BEGIN Given material

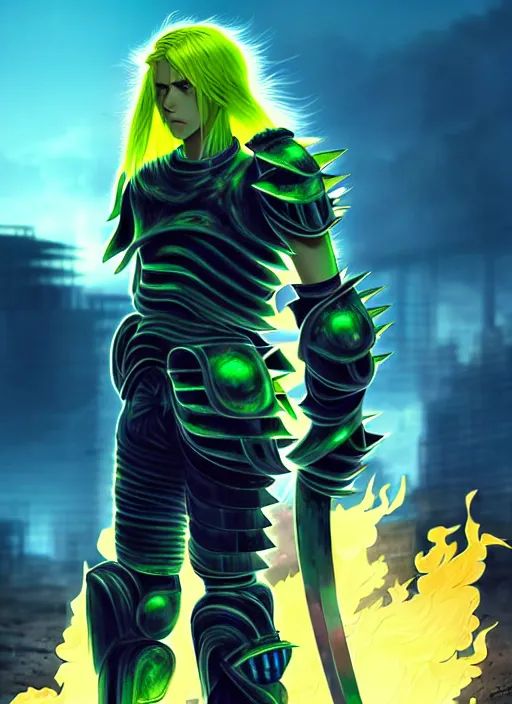 Image similar to a striking cinematic full body manga portrait of a male warrior with long blonde hair and blue eyes wearing evil green spiked cyberpunk armour and standing in the desolate burning ruins of a futuristic city by hirohiko araki and beeple, fine details, digital art, character concept art, volumetric lighting, cinematic light, photorealistic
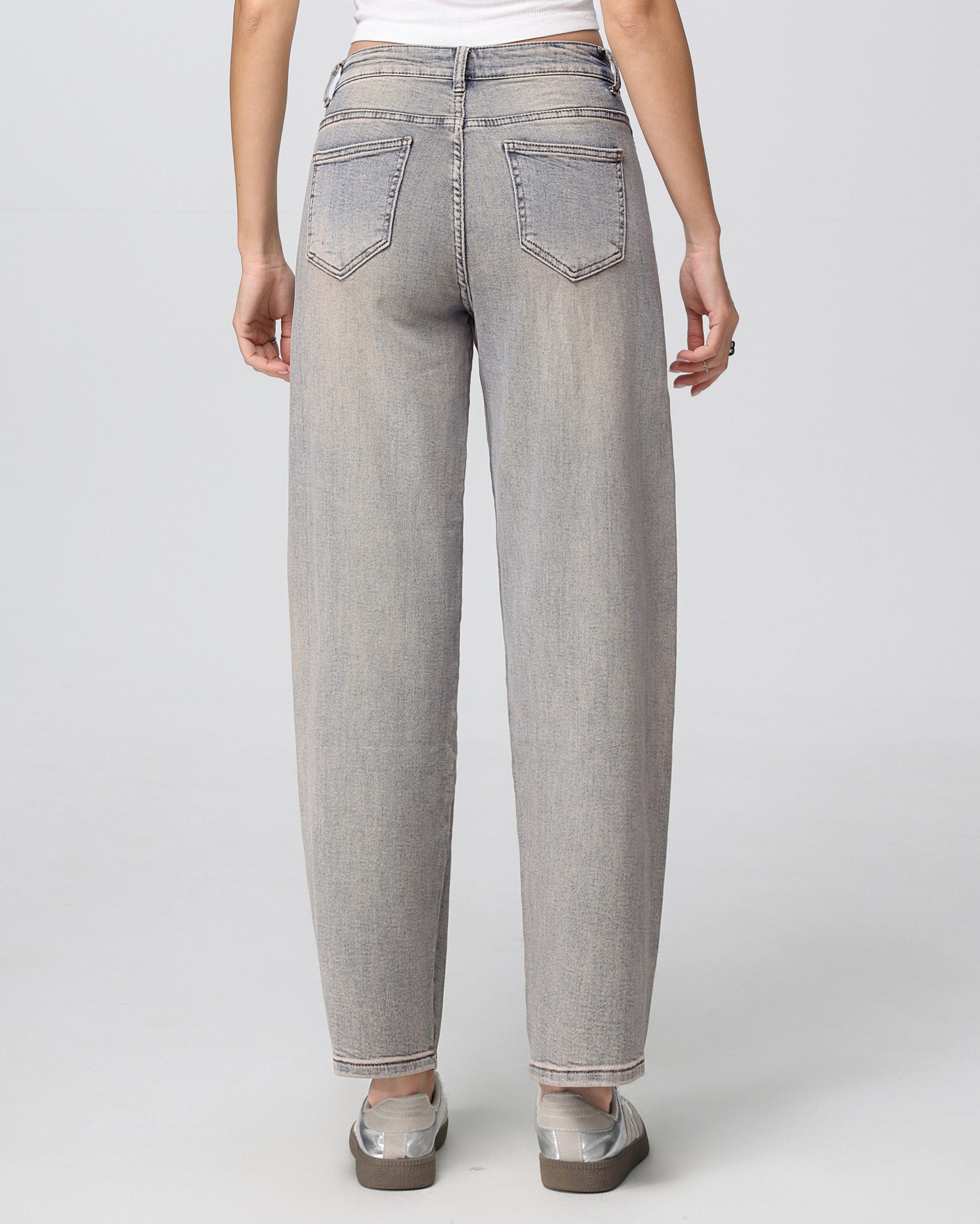 Hello Miss | Barrel jeans Lieq-3 Blauw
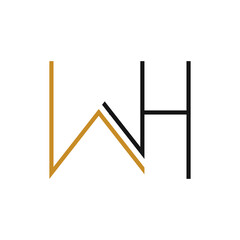 Initial letter wh logo or hw logo vector design template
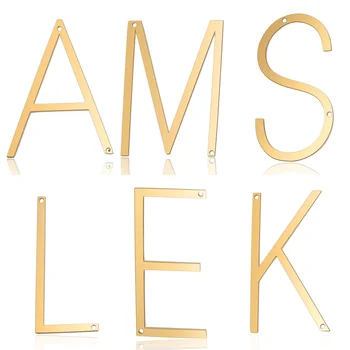 

5 Pieces Gold Filled Alphabet A-Z Name Letter Connectors for Necklaces Wholesale DIY Jewelry Charms High Polished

END Given material

**Work instruction**
Only the pictures are to be omitted; restate everything else above exactly.

**Response for this exercise**
 Image similar to a striking cinematic full body manga portrait of a male warrior with long blonde hair and blue eyes wearing evil green spiked cyberpunk armour and standing in the desolate burning ruins of a futuristic city by hirohiko araki and beeple, fine details, digital art, character concept art, volumetric lighting, cinematic light, photorealistic
 Hello Miss | Barrel jeans Lieq-3 Blauw
 Initial letter wh logo or hw logo vector design template

5 Pieces Gold Filled Alphabet A-Z Name Letter Connectors for Necklaces Wholesale DIY Jewelry Charms High Polished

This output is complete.